When an institutional official has a personal COI in a domain that overlaps with research being performed under their supervision or authority, the situation should be reviewed for institutional COI considerations. Examples of concern would be a department chairperson who has a financial relationship with an external entity and whose department performs research in a scientific domain served by that company. Faculty working in the department might thus be biased to favor that company’s products in their research in order to curry the chair’s favor in promotion and allocation of resources (e.g. laboratory space or discretionary funds).

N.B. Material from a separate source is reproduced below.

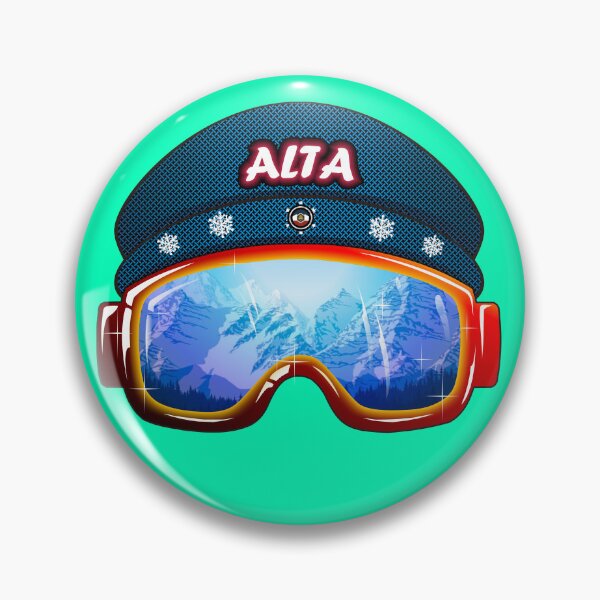 Item preview, Alta Utah ski goggles designed and sold by studioss76.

a) Management plans should address:
The extent of recusal expected of the individual with COI;
The mechanism for making the relevant faculty and staff aware of the institutional COI (for example, posting on a web site or a notice by e-mail to affected parties);
Notification of the Pre-Award Office (for grants), public relations office, and (if appropriate) the institutional review board (IRB);
Revised: 8. Approved by ICOI: 8.
The provision of an institutional “safe haven” for affected faculty and staff to discuss their concerns related to the COI; and
Whether the overlapping relationship is an appropriate one for an individual in that particular organizational position.
b) Faculty and staff who have fiduciary responsibility to a non-duke entity that overlaps with their professional responsibilities at Duke should receive the permission of the University President (or their designee) before (^) agreeing to serve, and should have a formal management plan approved by the Institutional COI Committee.
When the University has an institutional conflict of interest, particularly licensed intellectual property or significant equity holdings, the default position on research that is greater than minimal risk is that it should be done at some other institution. If there are compelling circumstances that justifies the work being done at Duke (for example, a unique patient population, a piece of equipment that would be hard to duplicate, or a particular technical or professional skill on the part of an investigator), arrangements can be considered. In a situation with compelling circumstances, the resulting management plan should generally include the following strategies:
a. Disclosure of the institutional COI in the informed consent document.
b. Use of an external Institutional Review Board (IRB), with notification of the local IRB. In cases where the research is being done at multiple institutions, the IRB at one of the other study sites could serve as the primary IRB. The Duke IRB can perform a secondary review for consistency with internal Duke policies.
c. External monitoring of the study, particularly endpoint assessments.
d. Use of an external Data Safety Monitoring Board plus (DSMB-Plus) or similar review committee to perform the normal duties of a data safety monitoring board, but also to consider COI issues. The DSMB-Plus should evaluate the design, analytical protocols, primary and secondary endpoint assessments, and provide ongoing evaluation of the study for safety, performance issues and the unbiased reporting of results.
e. Disclosure of the institutional COI in public presentations and publications.
f. Disclosure of the institutional COI to other centers in a multi-center trial.